C’était aussi pour ça que le citoyen Curao avait refusé de parler de révolution modèle lorsqu’on lui avait demandé de défendre son projet de partir pour l’Aleucie au sein d’une mission de contact semi-officielle. « Une révolution peut être modèle en pratique, si nous la désignons comme telle nous risquons de heurter la sensibilité de nos amis libéraux. »
En somme les têtes coupées de l’oligarchie locale, placée sur des pics le long des principales voies praticables, représentait un symbole totalement incompréhensible pour la bonne société bourgeoise. Il fallait la comprendre. Celle-là n’avait, au fond, jamais connu de risque existentiel. Elle passait une vie fainéante à maximiser ses profits et cultiver ses contacts, à se complaire dans une prospérité modérée ou totale, avec des préoccupations parfois sincères, mais très rarement rares. L’irruption de la mort dans leur quotidien tenait de l’accident, ou carrément de l’injure.
Ces gens étaient incapables, tout à fait incapables, d’imaginer la vie d’un prolétaire. D’imaginer celles et ceux pour qui tout avait une nature si sensiblement existentielle. Des têtes sur des pics. Choquant ? Peut-être. Mais parmi les décapités, combien avaient facilités, par leur action, leur inaction, leurs ordres, leurs consignes, la mort lente et rapide de millions d’autres ? Les blessures au travail, la maladie, la misère, la faim, la destruction rapide des corps, consommés, jetés dans le grand brasier productiviste. On avait pendant des siècles utilisé les travailleurs comme le charbon de bois de la grande expérience productiviste. Et maintenant on prétend de découvrir que le feu brûlait.

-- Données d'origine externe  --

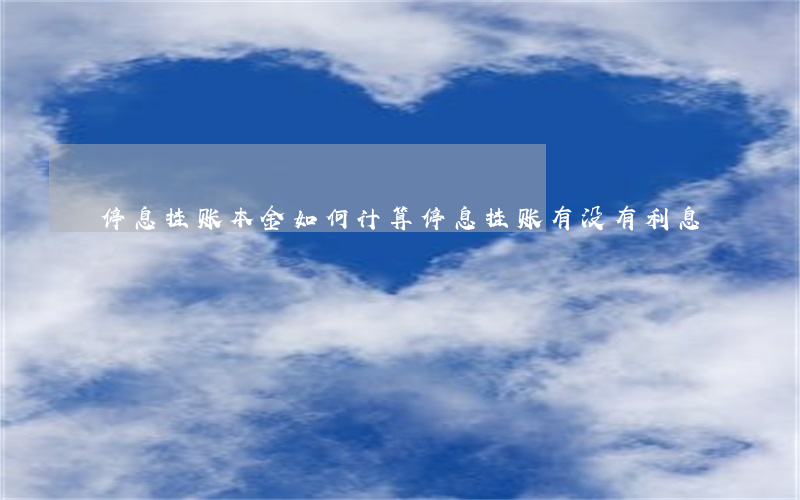 停息挂账本金如何计算(停息挂账有没有利息)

Il était grand temps de tout incendier.
Mais tout de même, ces têtes empêchaient de parler franchement. Parce que rien n’existait dans le vide, et qu’il fallait rendre la révolution acceptable – jusqu’à un certain degré – pour permettre sa survie, il ne fallait pas qualifier les violences autrement qu’en tant que telles. Ergo, Ibishima n’était pas une Révolution Modèle. Aucune révolution ne pouvait l’être. Le public de cette mascarade était opposé au principe même de Révolution. Tout l’enjeu était de lui faire croire qu’une révolution pouvait ne pas en être une.
Une pensée qui le laissa songeur. Assez pour qu'il murmure pour lui-même :
« Tout de même... »
Il ne parlait à personne en particulier. D’ailleurs les soldats qui l’entouraient ne réagirent pas. Ils parlaient entre eux. Une douzaine d’hommes et femmes en uniforme noir, lourdement harnachés, préparé à mener un combat qui n’aurait pas lieu. C’était l’une des premières choses qu’ils lui avaient demandées lorsqu’il s’était présenté à eux sur le pont du Cargo.
« Hey, citoyen ! Vous pensez vraiment que c’est nécessaire ?
– Non.
– Mais on va quand même venir.
– La Révolution est jeune, et pour être honnête on ne sait pas encore bien si elle est stabilisée. Ça pourrait être dangereux. »
Une autre était intervenue à ce moment. Curao se souvenait très bien de son expression. Sérieuse, un peu incrédule. Essayant d’être aussi respectueux que possible. Elle avait des tatouages qui remontaient de sa nuque jusqu’à son front.
« Mais vous êtes sûr de vouloir nous accompagner, dans ce cas ? »
"Dans ce cas". Elle aurait aussi bien pu dire "comme ça" : la tenue des représentants en mission n’était pas des plus sobres. En fait rien, chez Curao, n’était adapté à une mission à haut risque. Il n’avait même pas pris part aux entraînements de la protection civile. C’était un individu plutôt non-violent.
Ce qui ne l’avait pas empêché d’acquiescer.
« Les communes m’envoient. Nous envoient. »
Et ça leur avait suffi.
Une unique note synthétique émergea du plafond, précédent les messages des pilotes. La voix de Craven – il semblait à Curao que c’était le nom du citoyen – retentit dans l’habitacle, légèrement déformée par l’enceinte.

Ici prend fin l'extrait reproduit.